How we worked with Transport for London to create a mentor scheme
Transport for London (TfL) and Fujitsu launched an inter-company mentoring scheme – Reach – at Fujitsu’s London Office in 2018.
Through mentoring, coaching and giving advice from experience, Reach supports the diverse talent pipeline for senior leadership positions. Like Fujitsu, TfL is dedicated to Diversity and Inclusion and this made us the perfect community partners.
Why is this needed?
Studies have shown that across the UK, significantly more ethnically diverse employees than White British employees feel that career progression was an important part of their working life, and that many viewed mentoring as a positive tool to help achieve this career progression.
The Chartered Institute of Personal Development study also found that ethnically diverse employees were more likely to say that seeing successful role models like them, and greater diversity at senior levels, would help boost their career progression.
There is also a business benefit – organisations with the most ethnic and culturally diverse executive teams are 33% more likely to have industry-leading profitability. This is because high-performing diverse teams are less likely to make decisions based on unconscious bias, are more innovative and more able to adapt to change.
Reach was created to help overcome the barriers identified in the research and to ensure future sustained organisational success.
How does the scheme work?
Reach had 2 focus points- Reaching out and reaching up:
- Reaching out: Each mentoring pair had a participant from TfL and Fujitsu – in total we had 7 mentors and mentees from each organisation, making 14 inter-company pairs in total. This connection to another organisation encouraged skills and experience to be shared, and new networks to be created.
- Reaching up: This focussed on supporting the diverse talent pipeline in developing their careers and reaching their potential. Through mentoring, coaching and giving advice individuals were given support to prepare them to reach senior leadership positions in the future.
What were the results?
Recognising and respecting diversity in the workplace creates high-performing inclusive teams which ultimately delivers value back to organisations through increased engagement, innovation and collaboration.
It is clear that Reach has had a positive impact on mentees in the first 3 months, with feedback from mentees showing that:
- ‘I can effectively network around any room’ increased 24%
- ‘I feel that I can be completely myself at work’ increased 15%
- ‘I feel that my career progression is in my control’ increased 9%
- ‘I feel confident in my role at work’ increased 7%
For me, the most encouraging feedback was that mentees felt that their career progression is more in their control. This shift in perception, along with the increased confidence in networking skills will mean mentees will take more direct actions to achieve their career aspirations, which as the research suggests is an important part of life.
I was keen to look at the impact Reach had beyond the statistics and asked all participants for feedback – and themes coming through matched the statistical data.
‘… his advice and encouragement has made me think more about the most important things in my life outside work to help me focus on what really matters in my career development… he keeps my overall best interests in mind and is insightful in setting priorities to achieve work life balance keeping my values in sight.’ – TfL Mentee
‘She is absolutely brilliant and am learning so much form her.’ – Fujitsu Mentee
In total, we have supported 14 people in progressing their careers, expanded the networks of 28 people and have been awarded a Transport for London 2018 Supplier Award under the category of – Best initiative for those under-represented in the workplace.

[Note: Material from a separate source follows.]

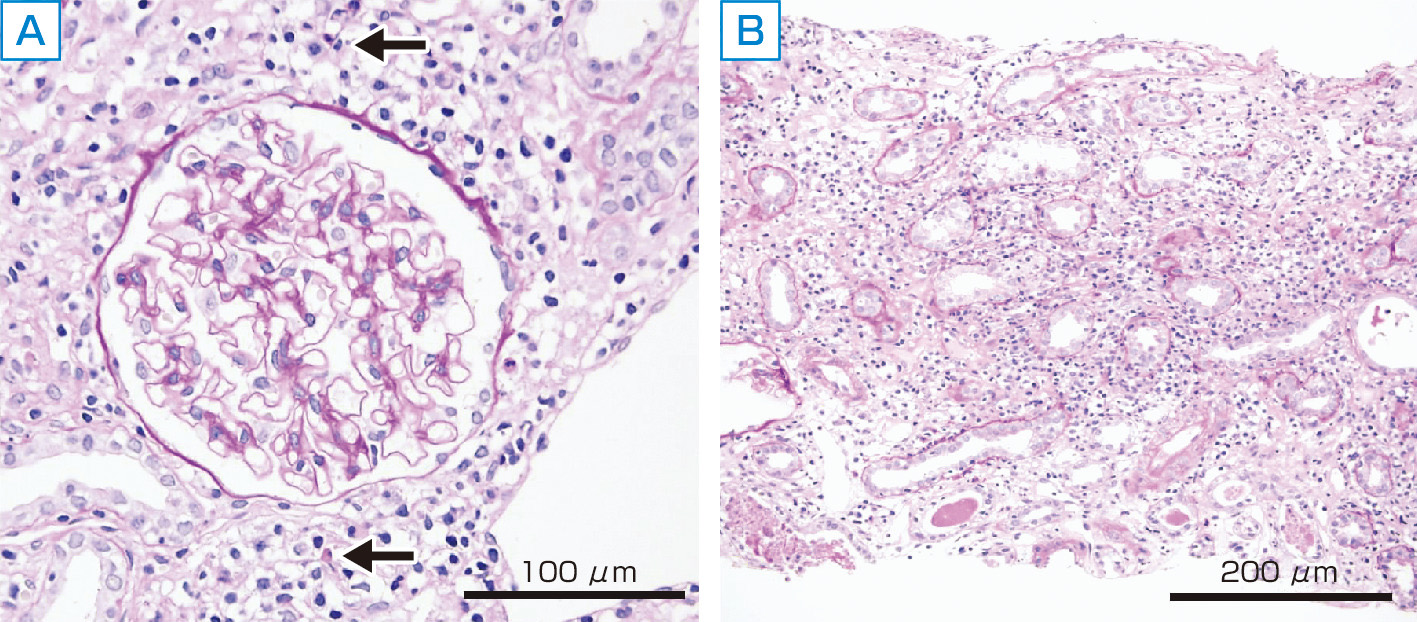 ⓔ図14-13-3　ⓔ図14-13-2と同じ薬剤性の急性間質性腎炎の患者における腎組織所見 (PAS染色) (Akimoto T, Horikoshi R, et al: Saudi J Kidney Dis Transpl, 2014; 25: 864–868 より作成) A：糸球体は正常であるが，間質に矢印のように好酸球が散見される． B：間質広範に単核球の浸潤がみられ，また間質の浮腫もみられる．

Going forward, we will launching a second cohort in 2019. From feedback we have received from cohort one, we have made some changes: we have shortened the scheme to 4 months and are providing session guides to provide a more structured approach to each mentoring session.
As an organisation, it has highlighted that our customers and partners have shared barriers and challenges, and by partnering together we can have a positive impact in supporting diverse talent.
My advice to other organisations thinking of doing something similar is to make sure you get the right community partner – an organisation who shares your values, and work together as one team with the shared goal of supporting diverse talent.